Assignment |
Nothing in the listing below should be skipped, so transcribe it all exactly.

Data |
....................

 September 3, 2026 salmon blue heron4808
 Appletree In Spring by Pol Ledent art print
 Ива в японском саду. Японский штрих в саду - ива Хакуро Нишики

....................

Answer space |
 September 3, 2026 salmon blue heron4808
 Appletree In Spring by Pol Ledent art print
 Ива в японском саду. Японский штрих в саду - ива Хакуро Нишики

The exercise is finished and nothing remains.